As you can see, the 2 types of spam discussed above are very different.
Think of the spam you see when you search for something that Google doesn’t have a good index for. There may be 7 results, and 4 of them may even appear to have the same content. You can tell that that these are spam sites, just from the title and description in the search result. Google clearly doesn’t have much to show.
In such a case, you may be forced to click on a scraper site, even if you don’t like them. At least you can be content knowing that you won’t help the site owner make an undeserved profit by clicking any ads or following affiliate links on the site. You can simply go in, get what you need, and leave. I’ve often used scraper sites to find what I want. If Google doesn’t have what I’m looking for and a spam site can help me, I’ll click on the link. I’m pretty sure most readers are guilty of this as well.

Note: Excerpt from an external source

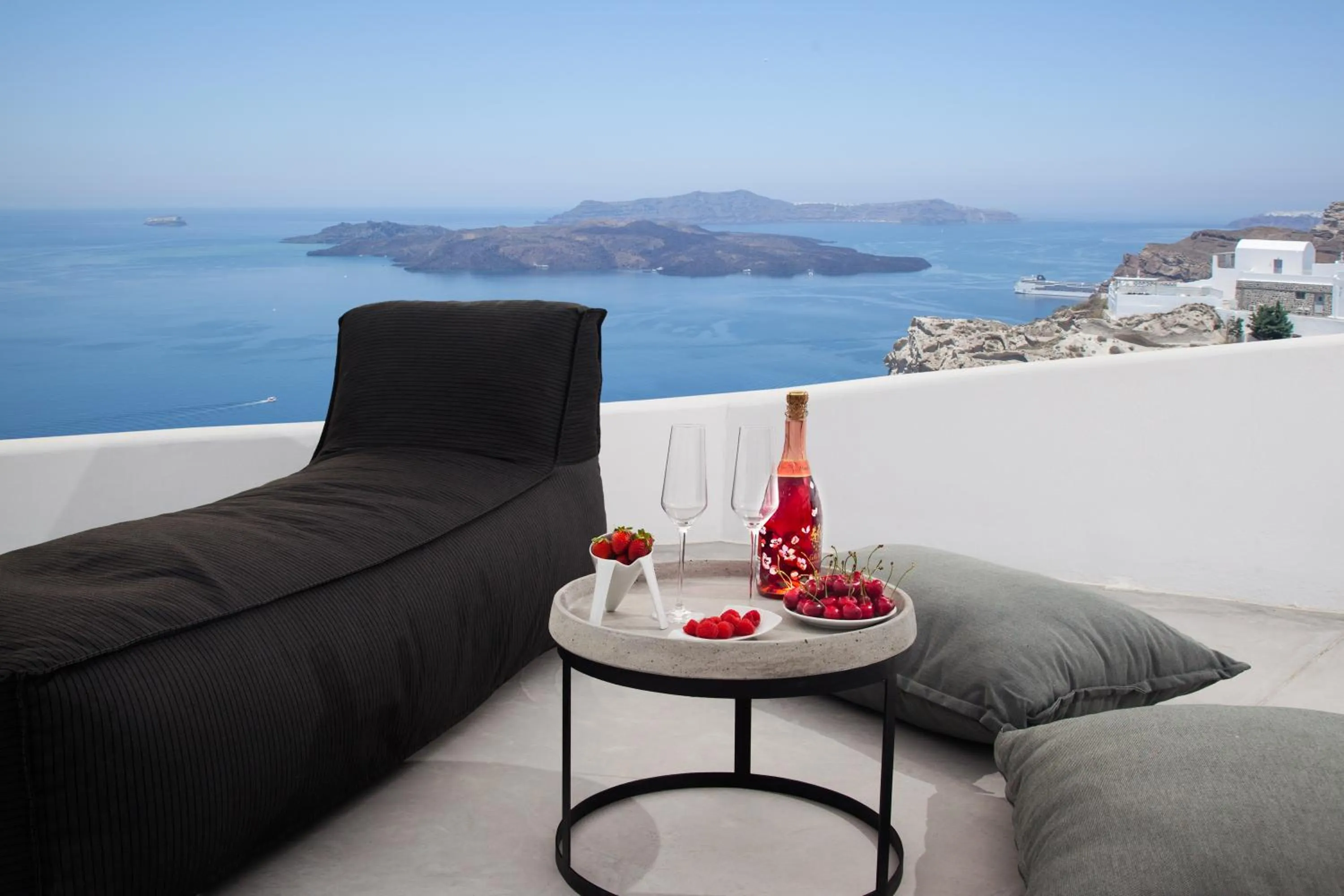 Natural landscape in Amity Suites - Adults Only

Why Search Engine Spammers Will Never Go Away
The biggest flaw in Google’s algorithm is the same thing that makes it so great. It relies on a very simple system—if your site doesn’t have any external links directing to it, it’s pretty much worthless. Every link you get helps you, especially from sites Google deems important. You can get an idea about a site’s importance from the Google PageRank.

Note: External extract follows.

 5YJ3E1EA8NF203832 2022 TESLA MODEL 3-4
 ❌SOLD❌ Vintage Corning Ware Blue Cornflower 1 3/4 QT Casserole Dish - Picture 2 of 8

Since even legitimate webmasters employ questionable means to get more back links, Google’s task becomes more difficult. Blackhat webmasters try to profit from the system by stealing content in order to get good search traffic. So why is Google so unable to detect the fraud and get rid of this spam?
It is because of Google’s reliance on the value of links. As long as blackhat webmasters can exploit this system, both long tail keyword spam (can be useful) and brute force spam (pretty much never useful) are going to stick around. It’s very easy to mass produce sites that target obscure long tail keywords, and these get indexed by Google.
As long as people search for those terms and Google doesn’t have much to show in the search results, the practice will continue. You can run automated linking software on these mass produced sites and get them up in the search engines for days, weeks., months or years. Natural sites often get linked to in a very rapid manner, so blackhatters can get away with this technique until enough webmasters report every instance.
Now that’s next to impossible! So until technology evolves to a point where it can beat the ingenuity of the human mind, we’ll have to co-exist with a limited amount of spam.